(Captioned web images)
*-*-*

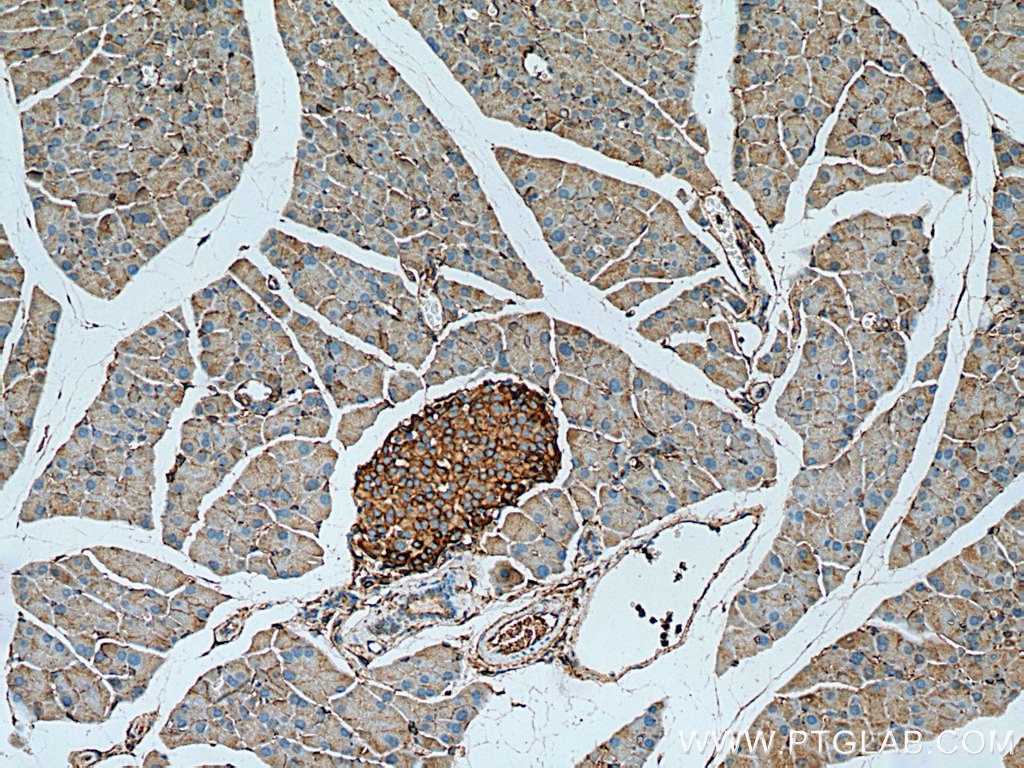 Immunohistochemistry (IHC) staining of mouse pancreas tissue using Marcks Polyclonal antibody (10004-2-Ig)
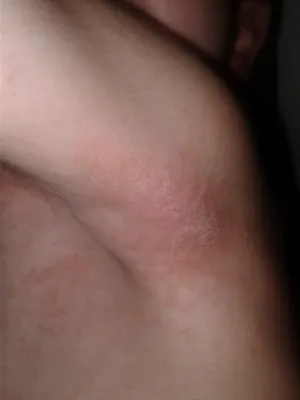 Инфекционный дерматит на руках: изображение в высоком разрешении
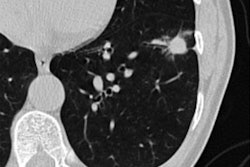 2022 05 24 00 22 0759 2022 05 24 Ai Lung Nodules 20220524004416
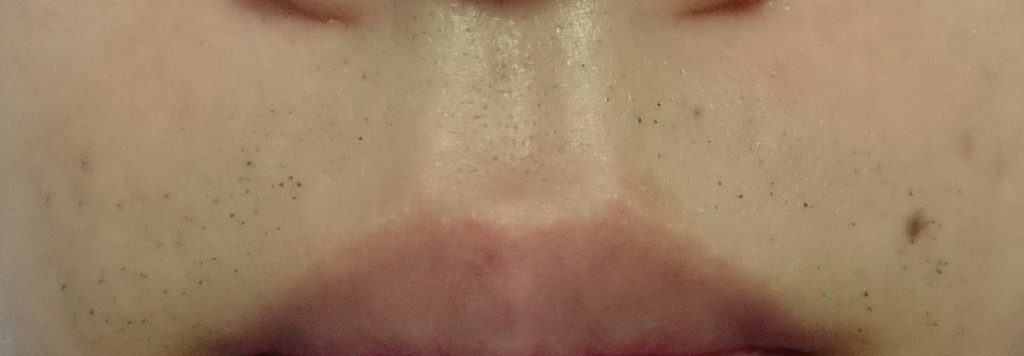 鼻下脱毛３回目２４時間後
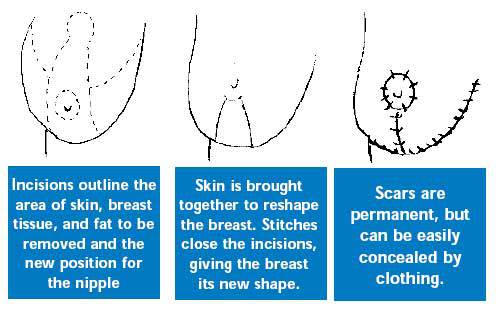 breast reduction scars تکنیک های عمل ماموپلاستی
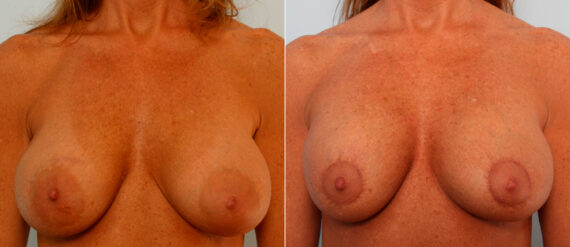 Breast Lift with Augmentation before and after photos in Houston, TX, Patient 57636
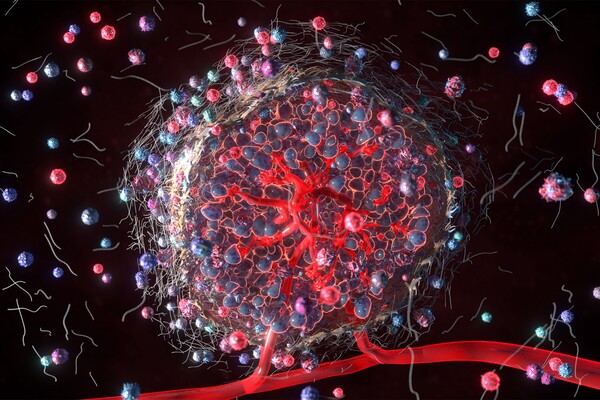 3D visualization showing a reddish-blue tumor mass with internal vasculature, surrounded by blue CAR T cells and small extracellular vesicles against a dark background.
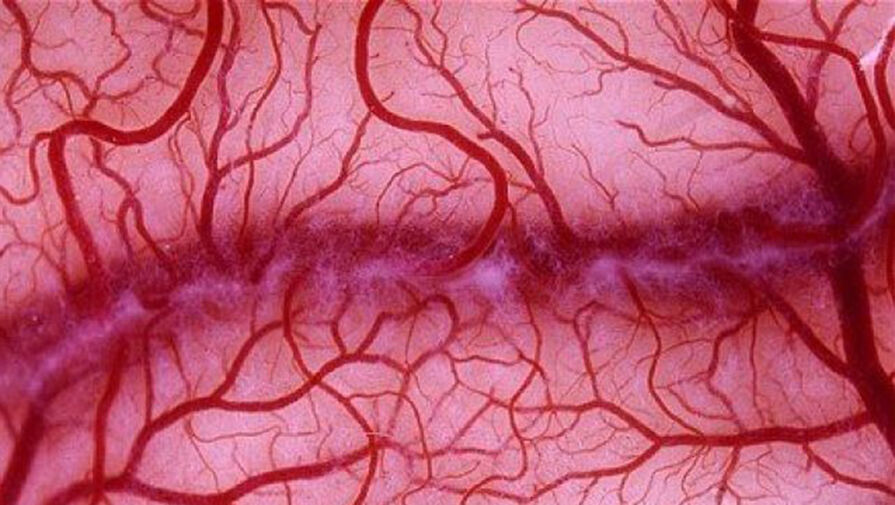 Ученые выяснили, какие части кровеносных сосудов подвержены опасному расширению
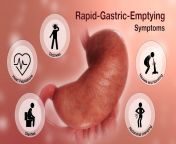 medical animation showing symptoms of rapid gastric emptying.jpg from emptying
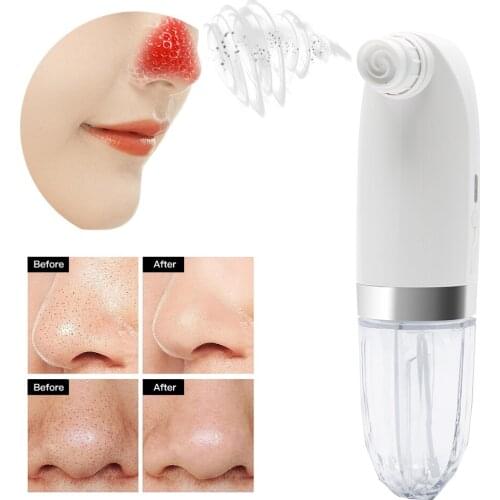 Electric Blackhead Remover Vacuum Pore Cleaner Water Cycle Acne Pimple Removal Facial Deep Cleansing Beauty Care Machine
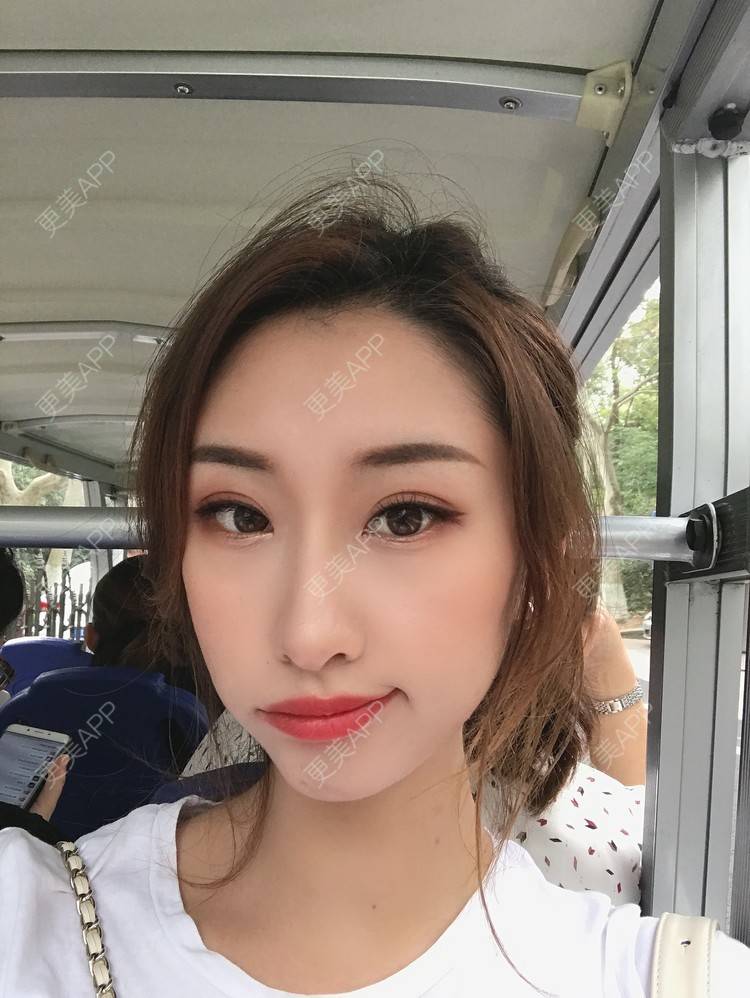 更美 - Gonve1的颧骨内推经验 | 广州 | 颧骨内推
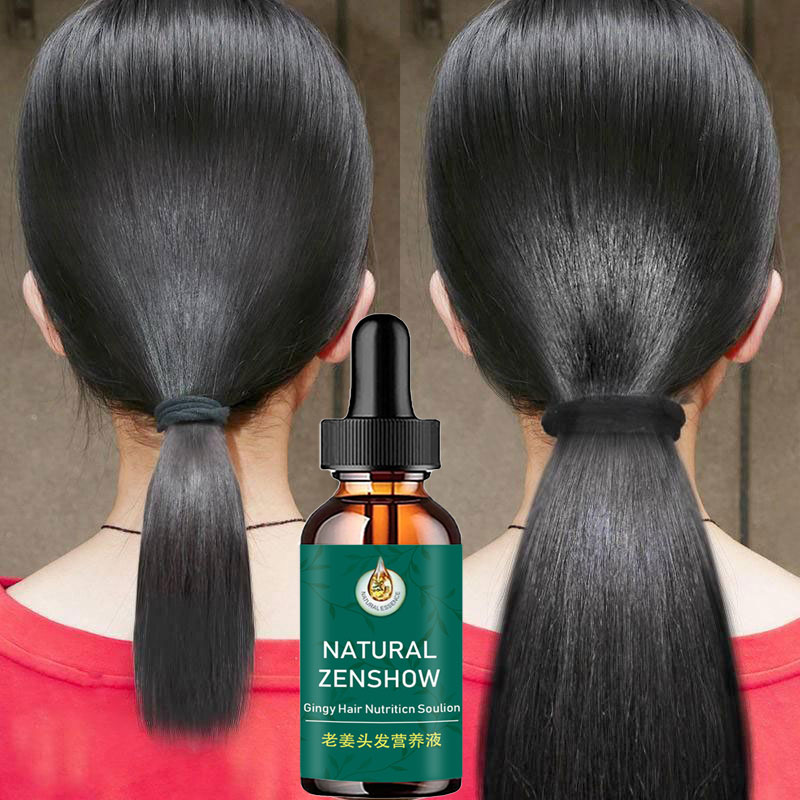 Hair Care Herbal - Zencefil saç büyüme uçucu yağ bitkisel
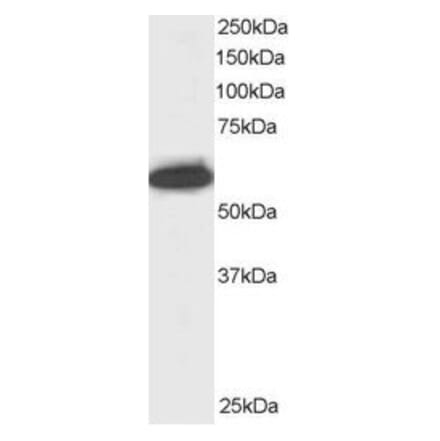 Western Blot - Anti-NUP50 Antibody (A83325) - Antibodies.com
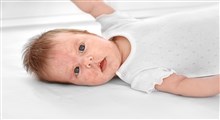حساسیت نوزاد به شیر چگونه تشخیص داده می شود؟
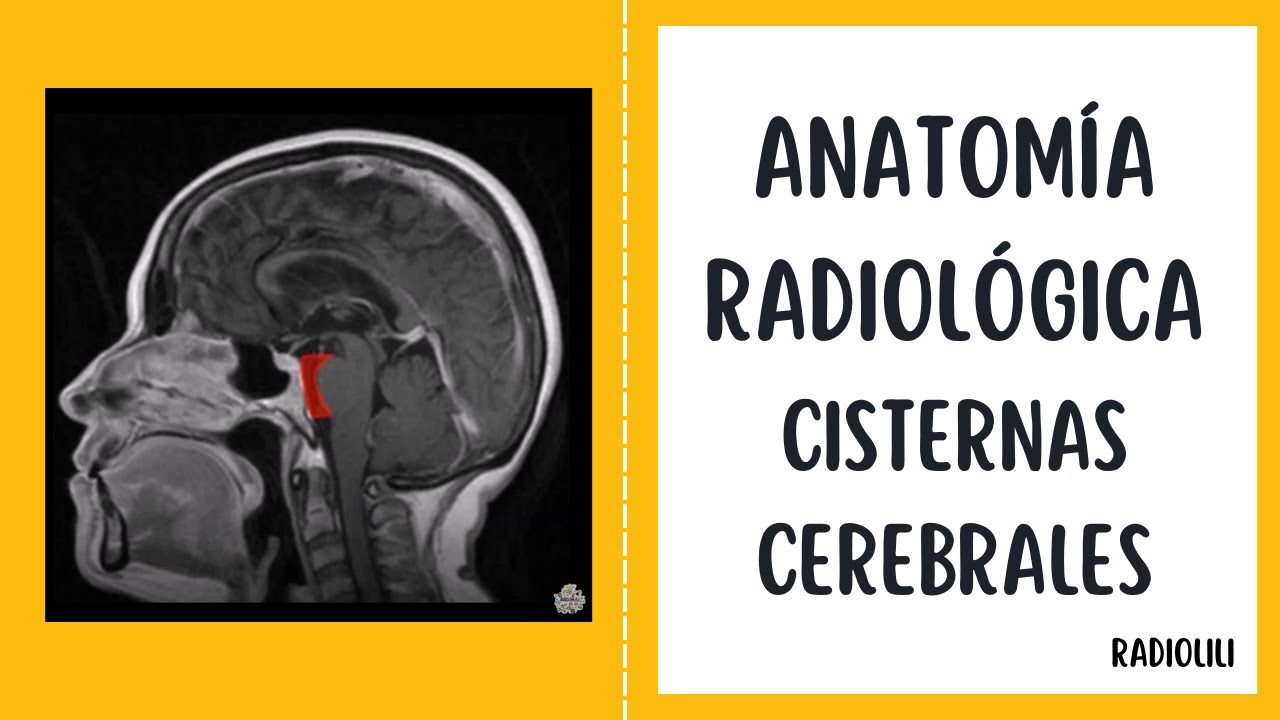 Anatomía Radiológica - Resonancia Magnética: Cisternas cerebrales.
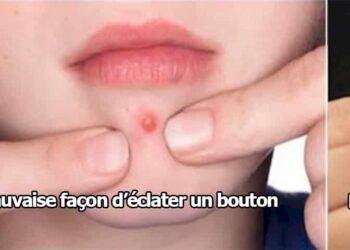 Quand le bouton est blanc Faut-il le percer ?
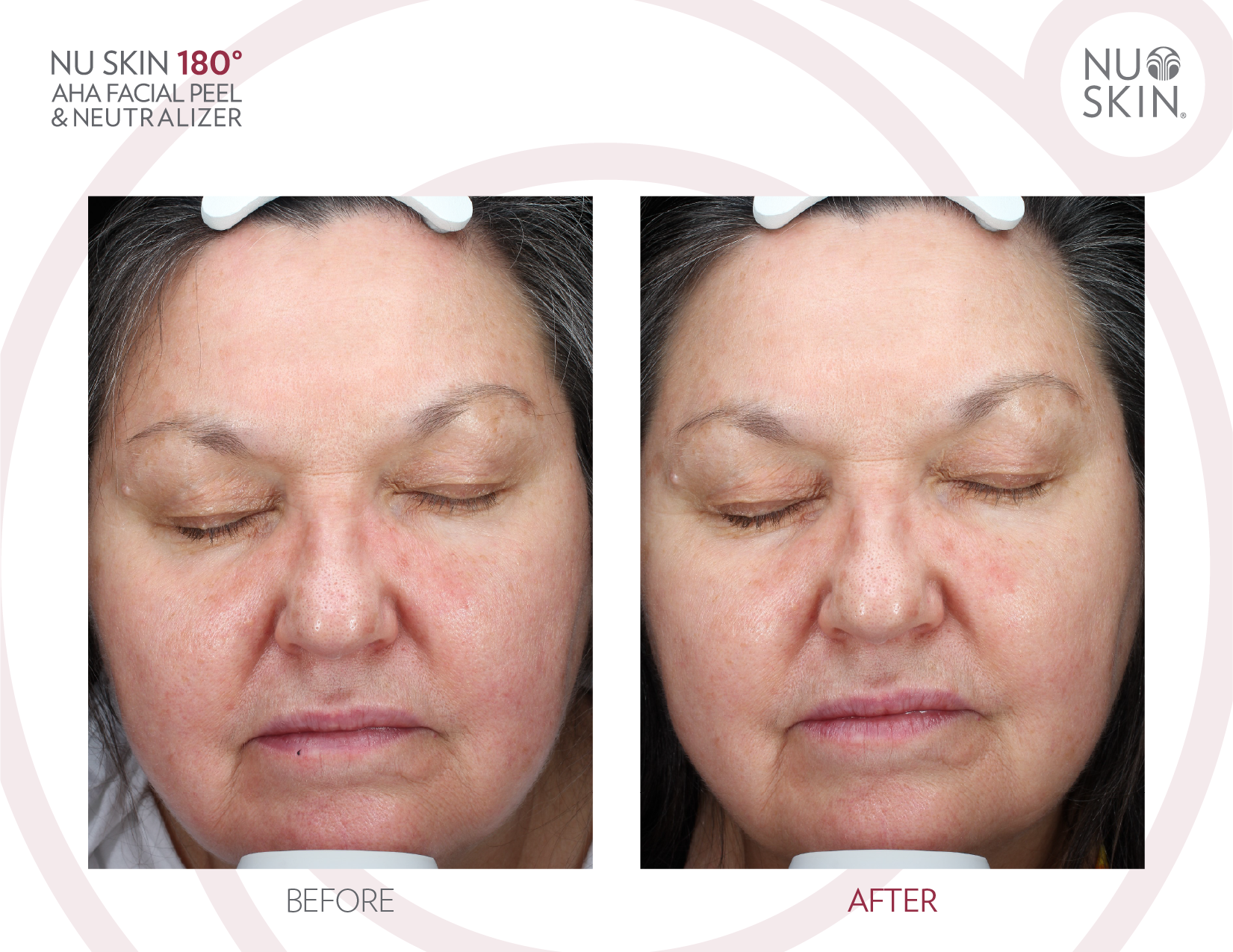 180°® AHA Facial Peel and Neutralizer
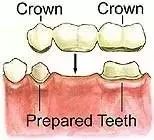 几种修复缺失牙的方法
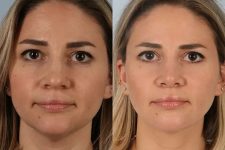 before and after facial fat grafting front view female patient case 1824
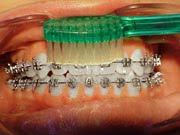 Brushing step 4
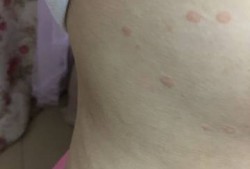 孕期乳房周围斑点（孕期乳房周围斑点怎么回事）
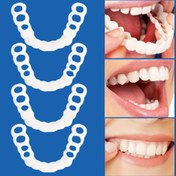 Resim 2 adet Ayarlanabilir Silikon Ortodontik Tutucular - Temizlenmesi Kolay, Doğal Uyum, Güvenli Gülümseme - Erkekler ve Kadınlar için Mükemmel Noel Hediyesi, Plastik Malzeme, Ortodontik |Ayarlanabilir Tutucular|Plastik Tutucular 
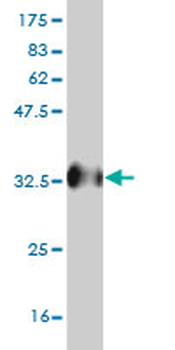 UBQLN2 monoclonal antibody (M03), clone 5F5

*-*-*

**Exercise aim**
Transcribe the records above exactly, omitting every picture they contain.

**Exercise response**
 Immunohistochemistry (IHC) staining of mouse pancreas tissue using Marcks Polyclonal antibody (10004-2-Ig)
 Инфекционный дерматит на руках: изображение в высоком разрешении
 2022 05 24 00 22 0759 2022 05 24 Ai Lung Nodules 20220524004416
 鼻下脱毛３回目２４時間後
 breast reduction scars تکنیک های عمل ماموپلاستی
 Breast Lift with Augmentation before and after photos in Houston, TX, Patient 57636
 3D visualization showing a reddish-blue tumor mass with internal vasculature, surrounded by blue CAR T cells and small extracellular vesicles against a dark background.
 Ученые выяснили, какие части кровеносных сосудов подвержены опасному расширению
 medical animation showing symptoms of rapid gastric emptying.jpg from emptying
 Electric Blackhead Remover Vacuum Pore Cleaner Water Cycle Acne Pimple Removal Facial Deep Cleansing Beauty Care Machine
 更美 - Gonve1的颧骨内推经验 | 广州 | 颧骨内推
 Hair Care Herbal - Zencefil saç büyüme uçucu yağ bitkisel
 Western Blot - Anti-NUP50 Antibody (A83325) - Antibodies.com
حساسیت نوزاد به شیر چگونه تشخیص داده می شود؟
 Anatomía Radiológica - Resonancia Magnética: Cisternas cerebrales.
 Quand le bouton est blanc Faut-il le percer ?
 180°® AHA Facial Peel and Neutralizer
 几种修复缺失牙的方法
 before and after facial fat grafting front view female patient case 1824
 Brushing step 4
 孕期乳房周围斑点（孕期乳房周围斑点怎么回事）
 Resim 2 adet Ayarlanabilir Silikon Ortodontik Tutucular - Temizlenmesi Kolay, Doğal Uyum, Güvenli Gülümseme - Erkekler ve Kadınlar için Mükemmel Noel Hediyesi, Plastik Malzeme, Ortodontik |Ayarlanabilir Tutucular|Plastik Tutucular 
 UBQLN2 monoclonal antibody (M03), clone 5F5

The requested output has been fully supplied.